中島広足 なかじまひろたり 寛政四〜元治元(1793-1864) 号:橿園(かしぞの)・黄口・田翁

寛政四年三月五日、熊本藩士中島五郎平の子として生れる。国学を長瀬真幸(本居宣長門)に、和歌を一柳千古(加藤千蔭門)に学ぶ。三十歳の時、肥前国長崎に移住し、この地で国学・和歌を教授する。文久元年(1861)、藩命により肥後に帰国し、国学の師範役となる。元治元年正月二十一日、没。七十三歳。肥後万日山に葬られる。
家集『橿園集』(天保十年-1839-刊)と『しのすだれ』(嘉永〜安政年間刊)、研究書『詞の玉の緒補遺』『詞の八衢補遺』『玉霰窓の小篠』など、文集『橿園文集』『橿園随筆』などの著がある。同郷・同門の和田厳足と親交があった。

以下には『橿園集』(校注国歌大系十九に収録。続日本歌学全書八に抄出)と『しのすだれ』(肥後文献叢書一)より六首を抜萃した。

和風報春

しの簾高くかかげて長閑(のどか)なる風の春をぞ宿に入れつる(しのすだれ)

【通釈】篠簾を高く巻き上げて、のどかな風のもたらす春の気を家の中に入れたのだ。

【語釈】◇しの簾(すだれ) 篠竹を編んで作った簾。◇宿 和歌では自宅も旅宿も区別せず「やど」と呼んだ。この歌では住家のこと。

【補記】題意は「和(なご)やかなる風、春を報(しら)す」。遺稿家集『しのすだれ』の巻頭歌で、同集の名の由来となった一首。
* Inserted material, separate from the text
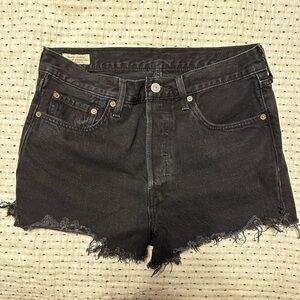 Black Levi’s Shorts size 28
江戸派の流れを汲む作者の詠風は概して平明温雅、きわだった個性はないが、掲出歌に見られるような清々しい調べをそなえていた。

交花

咲きしより桜が中に身をおきて花より(ほか)の世をしらぬかな(しのすだれ)

【通釈】桜が咲いてからというもの、花の中に我が身を置いて、花よりほかの世界を知らぬことであるよ。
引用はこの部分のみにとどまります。